In a reply to a question about reports on establishing visa requirements for Iranian citizens wishing to travel to Georgia, Georgia’s Foreign Minister David Zalkaliani said, “Iranians can visit the country without obtaining visas”, Radio Tavisupleba, the Georgian bureau of Radio Liberty reported.
But despite Zalkaliani’s words, Iranians’ concerns regarding international travel to Georgia have been growing due to a series of incidents throughout this year.
Earlier this month Iran’s foreign ministry had reported that nearly 200 Iranian citizens had been refused entry at air and land borders of Georgia. And according to Iranian Students’ News Agency, 2,345 Iranian citizens had been denied entering the country since March. In the wake of the incident, the Georgian ambassador to Tehran was summoned to the Iranian foreign ministry.
In August, several Iranian passengers wearing Islamic headscarves were allegedly disrespected during security checks for a flight from Tbilisi, Georgia to Isfahan, Iran. The Iranian embassy in Tbilisi described the incident as “mistreatment” of Iranian women and sent a protest note to Georgia's foreign ministry.
According to data provided by Georgia’s Ministry of Internal Affairs and reports by Jamnews, 434 Iranian citizens were denied entry to Georgia in November. Two Iranian citizens were deported, and 159 Iranian citizens violated the country’s visa regulations. Iranian citizens are allowed to stay in Georgia without a visa for up to 45 days.
Iran’s Foreign Ministry Spokesman Bahram Qassemi advised Iranian citizens to “refrain from traveling to Georgia unless absolutely necessary” during a weekly press conference on December 10. Qassemi said several Iranian citizens have been treated “disrespectfully” at the Georgian border.

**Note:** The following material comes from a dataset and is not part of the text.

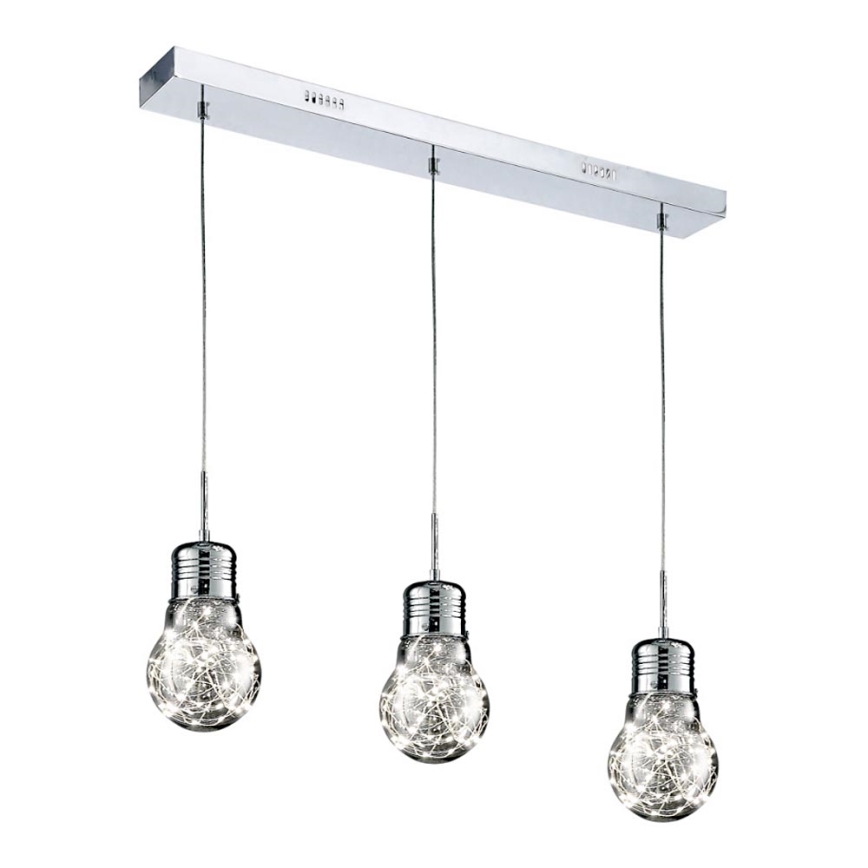 LED chandelier on a string BULB 3xLED/5W/230V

The number of Iranians visiting Georgia has significantly grown since the two countries signed a visa-free travel agreement in 2016. Almost 300,000 Iranians visited Georgia in 2017. And since then, Georgia has offered permanent residency to those that invest in its real estate market, resulting in some Iranians purchasing apartments and villas in Georgia.
Considering the flow of financial investments by Iranian businessmen into Georgia’s economy, Tehran’s discontent may have negative effects. Meanwhile, Iranian media outlets have suggested that Georgia’s tougher stance towards admitting Iranians into the country may be the result of Salome Zurabishvili’s election as Georgia’s new president, who “has a tough immigration policy”.